» **WHAT TO WORK ON**
How do the lines below between the ones holding "Toyota CAMRY SE" and "Gutter Installation company in Nocona, TX", inclusive, read? Give them again exactly, with no other lines.

» **INPUT RECORDS**
• • • • •

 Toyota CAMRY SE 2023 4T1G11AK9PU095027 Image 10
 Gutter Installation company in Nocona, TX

• • • • •

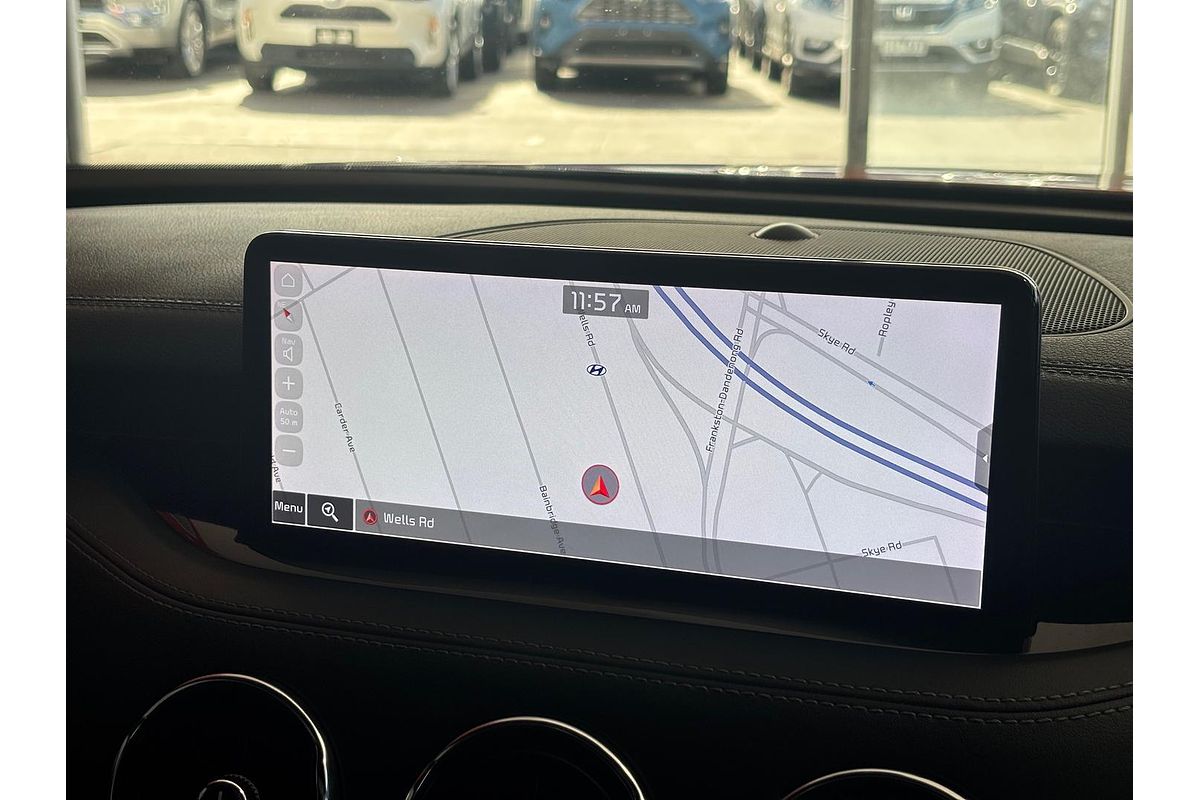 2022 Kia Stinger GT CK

• • • • •

» **SOLVED EXERCISE**
 Toyota CAMRY SE 2023 4T1G11AK9PU095027 Image 10
 Gutter Installation company in Nocona, TX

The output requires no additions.